Mit der Videoplattform Whatchado verdient er, international aufgestellt und mit einer Reihe namhafter Investoren an Bord, mit 50 Mitarbeitern mittlerweile Geld. Darum geht es ihm aber eigentlich nicht, sondern hauptsächlich um Chancen für junge Menschen, die vom System keine Chancen kriegen, die mit dem Selbstbild, unbrauchbar, unbegabt und nutzlos zu sein, aufwachsen, sich ihre jungen Köpfe und Herzen an vermeintlich unüberwindbaren Grenzen wundschlagen.

Videoplattform gegründet

Das ist getrieben und genährt von seiner eigenen Geschichte – er hat all seinen Schmerz mit all seinen Anliegen gepaart und eine Videoplattform gegründet, auf der "Systemvertreter" aller Professionen ihre Berufs- und Lebensgeschichten erzählen. Nahbar und als Inspiration, was man mit seinem Leben so alles anstellen könnte.

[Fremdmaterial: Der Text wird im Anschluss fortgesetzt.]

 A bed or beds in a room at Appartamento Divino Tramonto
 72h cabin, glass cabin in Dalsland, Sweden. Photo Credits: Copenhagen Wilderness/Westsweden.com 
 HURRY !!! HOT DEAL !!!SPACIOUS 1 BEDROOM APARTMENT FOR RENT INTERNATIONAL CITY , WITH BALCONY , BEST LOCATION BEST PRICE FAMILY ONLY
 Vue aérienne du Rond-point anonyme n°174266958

Und wie erfüllend und richtig das sein kann. Er hat damit als quasi Nebeneffekt auch Bewegung in den Personalmarkt gebracht, Unternehmen, die Talente suchen, ins Bewegtbild geschubst, den Stellenmarkt – zur Unfreude der einst geschlossenen Wertschöpfungskette von Suchen und Finden – ein Stück weit revolutioniert.

Nix gepfiffen

Das hat sich in den vergangenen rund fünf Jahren abgespielt. Der Einsatz für den raketenhaften Erfolg war eine ungeheure Energie plus unwiderstehliche – man würde professionell sagen – emotionale Intelligenz: Er hat sich nix gepfiffen, um Aufmerksamkeit zu erhalten, hat sich zum Idioten gemacht, sich so aufgebaut, dass keiner vorbeisehen konnte.

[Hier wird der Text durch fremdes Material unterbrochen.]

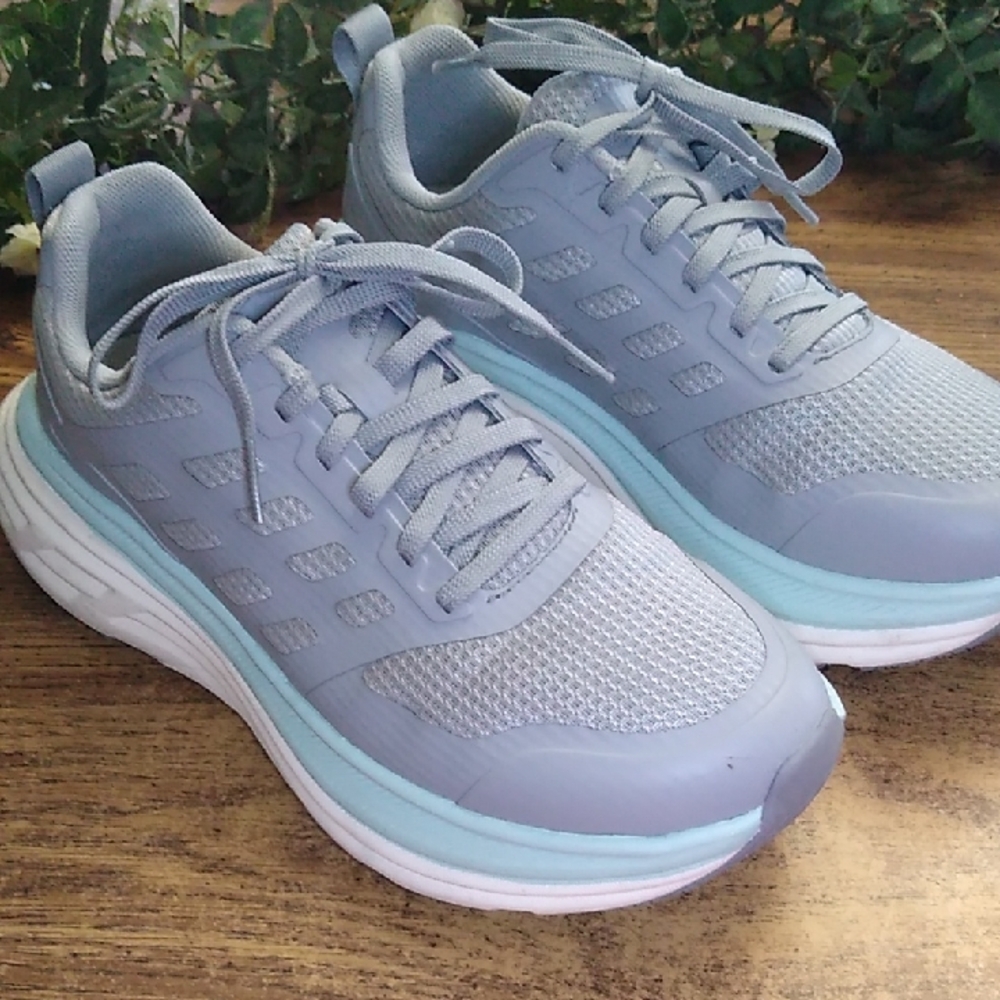 Gray and Blue Athletic Shoes with Breathable Mesh and Cushioning Size 8 Women's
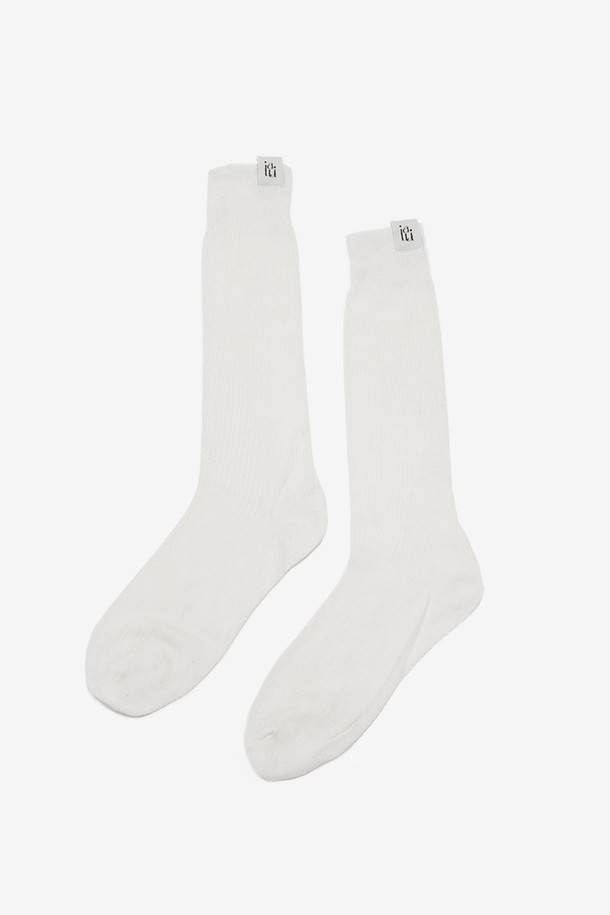 Weveweve socks 아이보리 색상은 봄에 어울리는 여성용 패션 양말입니다. 레이온, 폴리에스터, 폴리우레탄 혼방 소재로 부드러운 촉감과 뛰어난 신축성을 자랑하며, 43cm의 길이와 슬림핏으로 다리를 아름답게 연출합니다. 골지 패턴과 리브드 니트 구조가 특징이며, 일상에서 편안하게 착용하기 좋습니다.
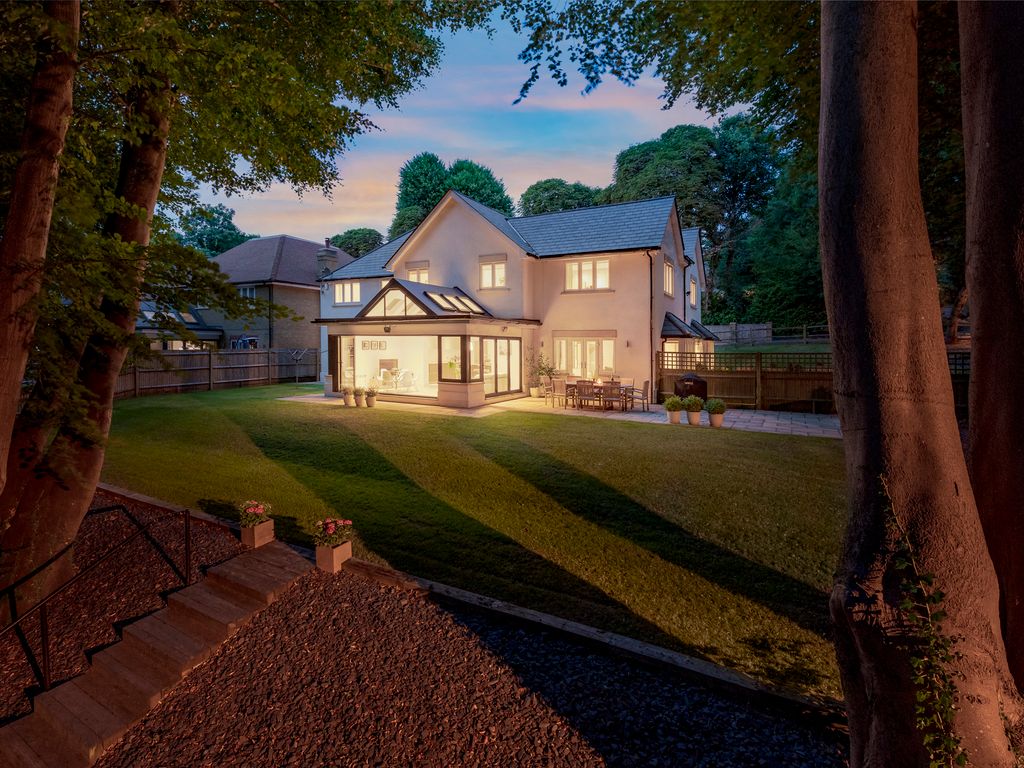 5 bed detached house for sale in Firs Road, Kenley CR8 Zoopla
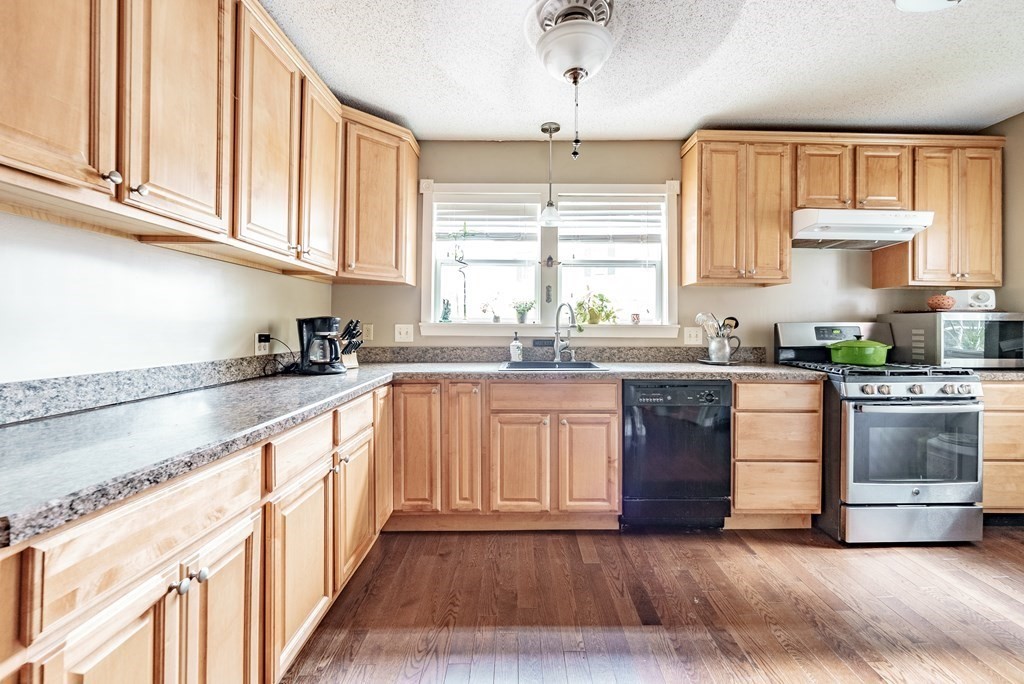 85 Trafton Road Springfield, MA 01108 - Photo 5 of 42 Gallery Image 5
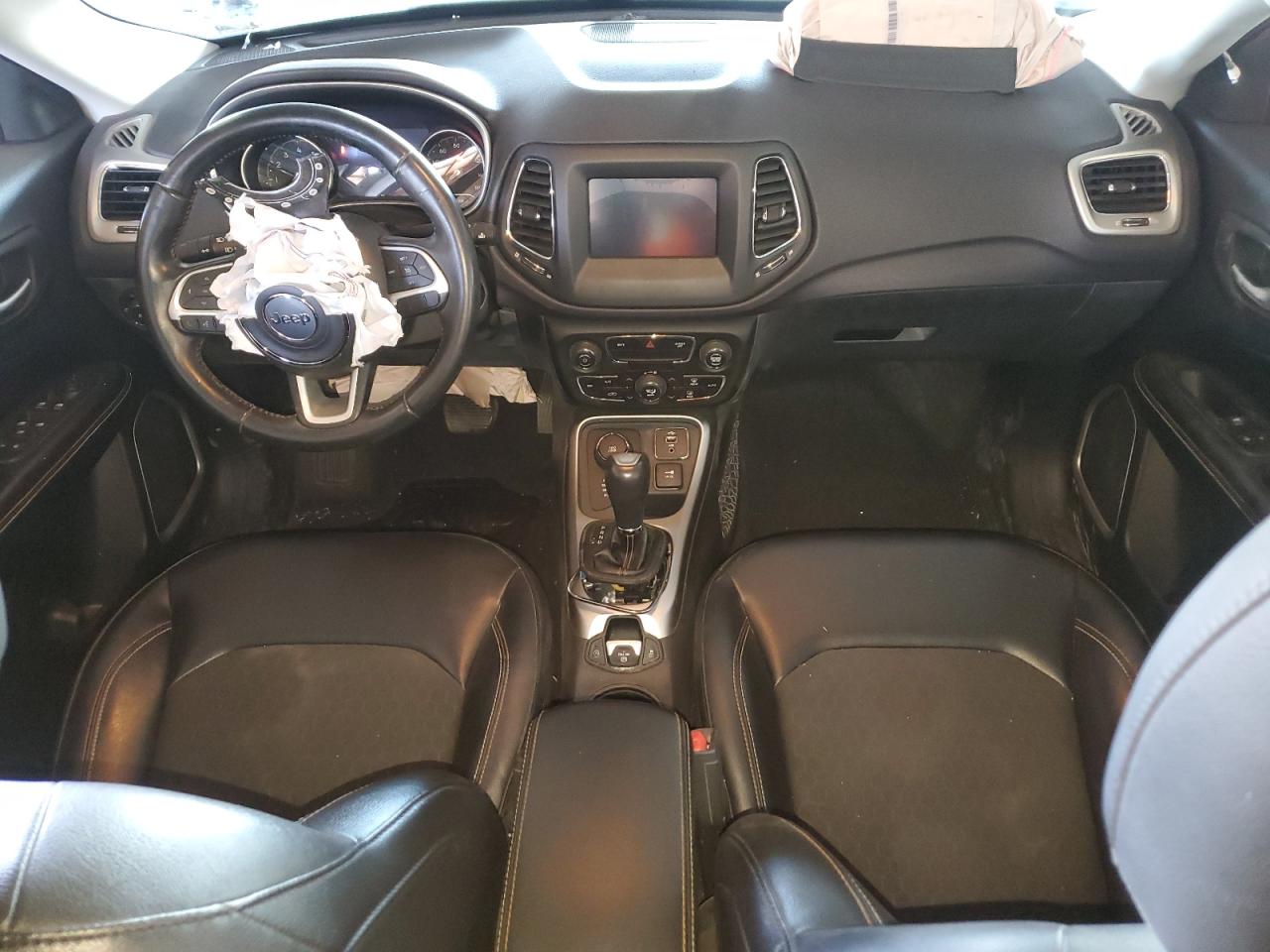 2018 Jeep Compass - Image 8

Ob ich, fragte mich ein attraktiver junger Perser, der wegen eines Termins nicht lockergelassen hatte, vor vielen Jahren, glaube, dass er Teppichhändler oder Taxifahrer sei? Hä? Will der Vorurteile checken, mir Klischees umhängen, was will der? Es war sein Hook. Ich hab ihm vorgeschlagen, dass ich meine Lieblings-Reggae-Nummern vorspiele, dann könnten wir uns ja unterhalten und den Teil auslassen. Dass ein paar dutzend Podiumsdiskussionen, Kongresse und Veranstaltungen in den folgenden Jahren inklusive seiner "Erziehungs"-Ratschläge für meine Kinder folgen sollten, wussten wir damals noch nicht.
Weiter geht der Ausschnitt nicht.